- Other names: Intermittent Positive Pressure Ventilation
- Specialty: Pulmonology

= Intermittent positive pressure breathing =

Intermittent positive pressure breathing (IPPB) is a respiratory therapy treatment for people who are hypoventilating or have cystic fibrosis. While not a preferred method due to cost, IPPB is used to expand the lungs, deliver aerosol medications, and in some circumstances ventilate the patient. There are also IPPB machines used to assist in breathing.

== Indications ==
IPPB may be indicated for patients who are at risk for developing atelectasis and who are unable or unwilling to breathe deeply without assistance. In patients with severe lung hyperinflation, IPPB may decrease dyspnea and discomfort during nebulized therapy.

== Contraindications ==
Most contraindications are relative, such as nausea, hemodynamic instability, tracheal fistula, singulation and hemoptysis. Untreated tension pneumothorax is an absolute contraindication.

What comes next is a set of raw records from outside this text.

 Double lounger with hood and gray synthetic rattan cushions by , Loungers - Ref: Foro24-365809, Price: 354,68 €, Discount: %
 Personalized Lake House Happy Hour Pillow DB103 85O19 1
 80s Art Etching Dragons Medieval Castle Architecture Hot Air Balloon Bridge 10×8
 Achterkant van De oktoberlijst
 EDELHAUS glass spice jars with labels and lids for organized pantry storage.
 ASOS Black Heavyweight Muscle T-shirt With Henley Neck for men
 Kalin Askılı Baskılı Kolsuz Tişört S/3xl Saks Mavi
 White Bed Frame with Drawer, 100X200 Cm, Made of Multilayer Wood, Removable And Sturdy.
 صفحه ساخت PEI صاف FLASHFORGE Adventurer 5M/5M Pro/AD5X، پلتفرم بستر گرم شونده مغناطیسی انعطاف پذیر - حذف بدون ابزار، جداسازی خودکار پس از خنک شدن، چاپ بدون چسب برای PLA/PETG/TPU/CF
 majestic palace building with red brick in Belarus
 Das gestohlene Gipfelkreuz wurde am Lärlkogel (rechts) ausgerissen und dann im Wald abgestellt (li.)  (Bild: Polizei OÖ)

When treating atelectasis:

1. Therapy should be volume-oriented
2. Tidal volumes must be measured
3. VT goals must be set (e.g. VT goal of 10-15mL/kg of body weight).
4. Pressure can be increased to reach VT goal if tolerated by patient.

When treating atelectasis, IPPB is only useful if the volume delivered exceeds those volumes achieved by the patient's efforts.